UN economist alerts US tariffs move could see three percent fall in global trade

UN experts alerted that global trade could shrink by three per cent as a result of the United States’ new tariff measures.
US President Donald Trump (pictured above) recently announced reciprocal tariffs on several nations before pausing its implementation for 90 days. Photo Courtesy: White House X handle

Global trade could shrink by three percent as a result of the United States’ new tariff measures, which in the longer term could reshape and boost as-yet untapped regional commercial links, a top UN economist confirmed on Friday.

“There will be shifting, I think, in supply chains, there will be a reassessment of global alliances. There will be geopolitical shifts and economic as well,” said Pamela Coke-Hamilton, head of the International Trade Centre (ITC).

Speaking in Geneva after Wednesday’s announcement by the White House of a 90-day pause on “reciprocal tariffs” for most countries with the exception of China, Coke-Hamilton noted that exports from Mexico had already been “highly impacted” by earlier seismic changes to US trade policy.

“Countries like Mexico, China and Thailand, but also countries in southern Africa are among the most affected, alongside the US itself,” she said.

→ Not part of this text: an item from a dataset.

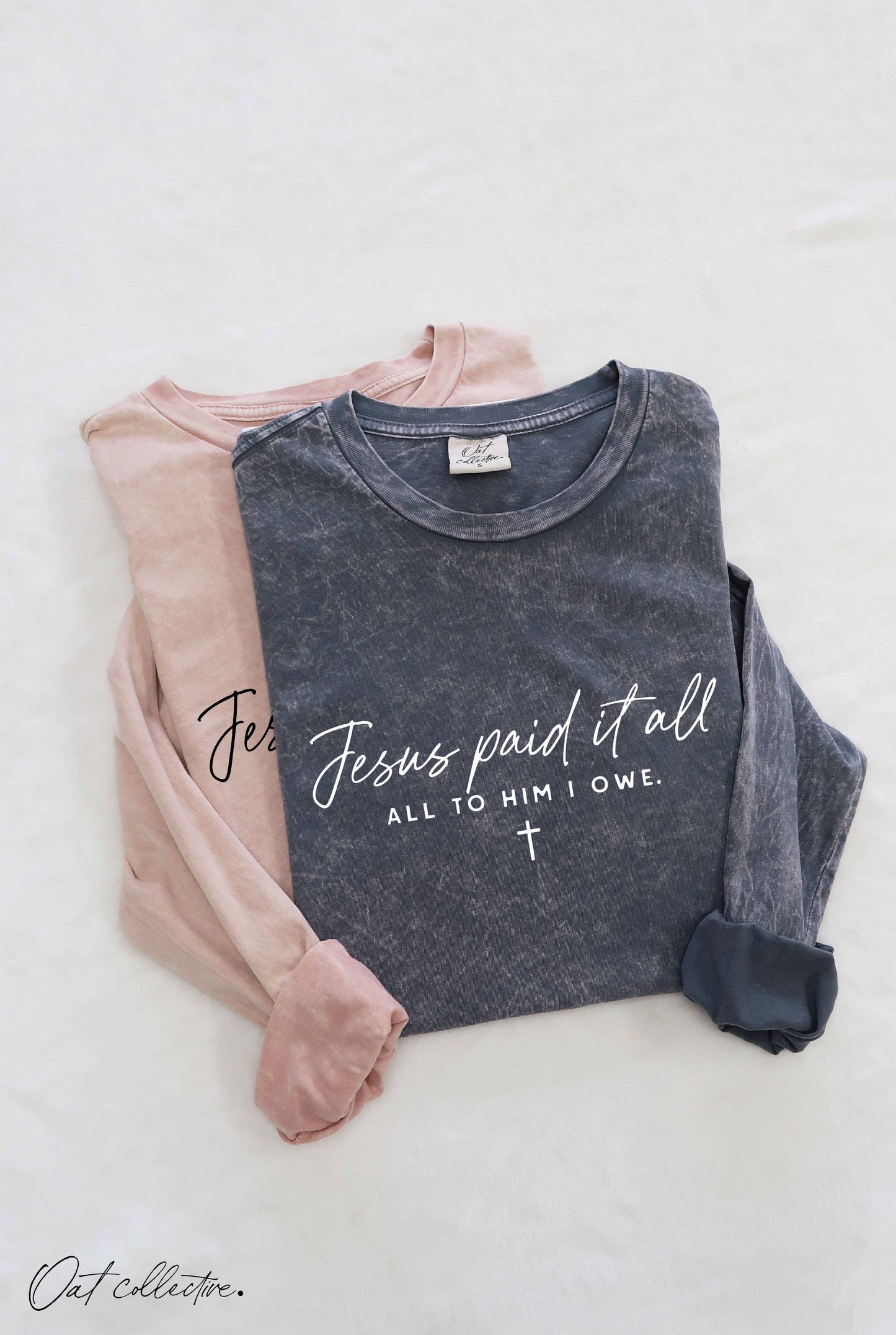 OAT COLLECTIVE Red JESUS PAID IT ALL LS Tee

While the 90-day pause on the so-called reciprocal tariffs applies to imports from most countries and brings down rates to a still hefty 10 percent, tariffs on imports from China currently stand at 145 percent.

China, meanwhile, has raised tariffs against US exports to 125 percent.

Already, Mexico’s products for export have shifted away from markets such as the US, China, Europe and other Latin American countries to make “modest gains” instead in Canada, Brazil “and to a lesser extent, India”, the ITC chief insisted.

Shifts in trade flows

Other countries have followed suit, including Vietnam, whose exports “are redirecting away from the US, Mexico and China”, while “increasing substantially” towards the EU, Republic of Korea and others, said Coke-Hamilton, whose UN specialised agency offers assistance to developing countries.

The problem for emerging economies is that they are less well equipped to “pivot” when faced with “instabilities”, the ITC chief explained, since they often lack the manufacturing diversity and ability to add value to raw commodities of more industrialized nations.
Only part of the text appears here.